Menurut Bupati Agus Istiqlal, 24 indikator KLA yang didasarkan pada substansi hak-hak anak yang diamanatkan dalam Undang-Undang (UU) Nomor 35 Tahun 2014 tentang perlindungan anak dan Konvensi Hak Anak (KHA), substansi hak-hak anak tersebut dikelompokan kedalam lima klaster pemenuhan hak anak dalam KHA.

“Diantaranya hak sipil dan kebebasan, lingkungan keluarga dan pengasuhan alternatif, kesehatan dasar dan kesejahteraan. Selanjutnya pendidikan, pemanfaatan waktu luang dan kegiatan budaya, dan terakhir perlindungan khusus,” papar Bupati Agus Istiqlal.

Bupati Agus Istiqlal berharap indikator KLA tersebut tidak berhenti menjadi sederet check-list evaluasi KLA. “Lebih dari itu diharapkan dapat menjadi acuan dalam memenuhi hak-hak anak melalui pengembangan KLA yang terintegrasi, holistik, dan berkelanjutan,” harap Bupati Agus Istiqlal.

Lebih jauh Bupati Agus Istiqlal menjelaskan poin terpenting dari proses pengembangan KLA di Pesibar yaitu koordinasi antara para stakeholder dalam rangka pemenuhan hak-hak anak yang dilakukan secara berkesinambungan dan berkelanjutan.

“Karenanya penguatan koordinasi para stakeholder terkait dapat terus ditingkatkan melalui mekanisme gugus tugas yang telah dibentuk,” pinta Bupati Agus Istiqlal.

Masih kata Bupati Agus Istiqlal, Badan Perencanaan Pembangunan Penelitian dan Pengembangan Daerah (Bappelitbangda) memiliki peran penting terutama dalam mengkoordinasikan perencanaan pemenuhan hak-hak anak melalui pengembangan KLA, agar pembangunan anak dapat dilaksanakan secara lebih holistik, integratif, dan berkelanjutan.
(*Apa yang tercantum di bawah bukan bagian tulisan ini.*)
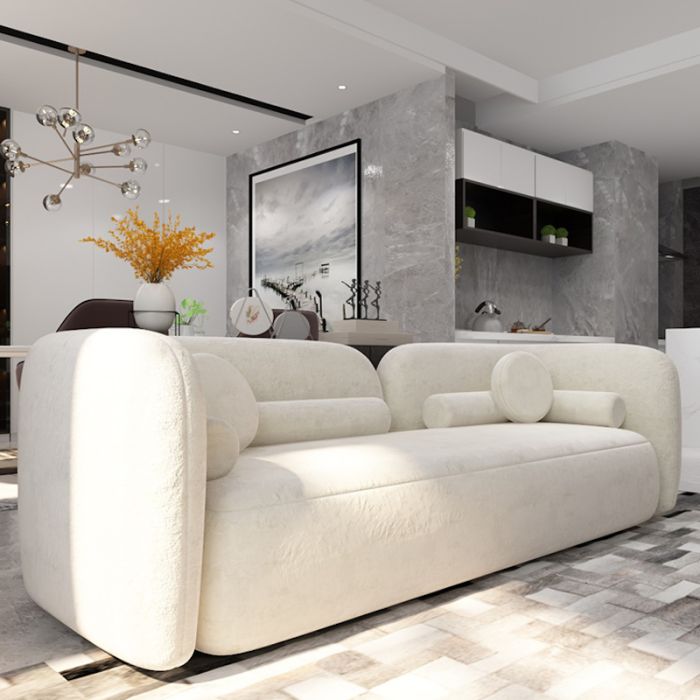 Avlan Boucle Modern Luxury 3 Seater Sofa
“Peran aktif Bappelitbangda tersebut akan sangat ideal, jika dibarengi dengan upaya dari Dinas Pemberdayaan Masyarakat dan Pekon (DPMP), dan DP3AKB untuk terus meningkatkan kapasitasnya. Sehingga akan secara maksimal mendukung dan terutama mengawal pelaksanaan pengembangan KLA di Pesibar mulai dari perencanaan hingga pemantauan dan evaluasi, serta pelaporan,” tandas Bupati Agus Istiqlal.
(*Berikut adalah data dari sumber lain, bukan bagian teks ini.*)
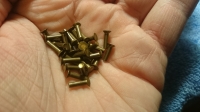 ZHB BRASS RIVETS Ø2 * 7 mm, WITH COUNTERSUNK HEAD FOR ASSEMBLING THE "TEAPOT" CHASSIS, 50 pcs.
Guna meningkatkan evektifitas koordinasi ditingkat kabupaten, diharapkan peran aktif OPD terkait agar terus meningkatkan koordinasi dalam rangka pengembangan kebijakan dan program, maupun inisiatif kegiatan yang mampu mendukung terwujudnya percepatan perwujudan KLA.

“Anak adalah investasi di masa yang akan datang, maka menjadi kewajiban bersama untuk melindungi mereka dan menjadikannya lebih berkualitas, sehingga akan menjadi modal pembangunan. Untuk itu peran seluruh pemangku kepentingan pemerintah, masyarakat, dan dunia usaha harus bahu membahu untuk dapat mewujudkannya,” tukas Bupati Agus Istiqlal.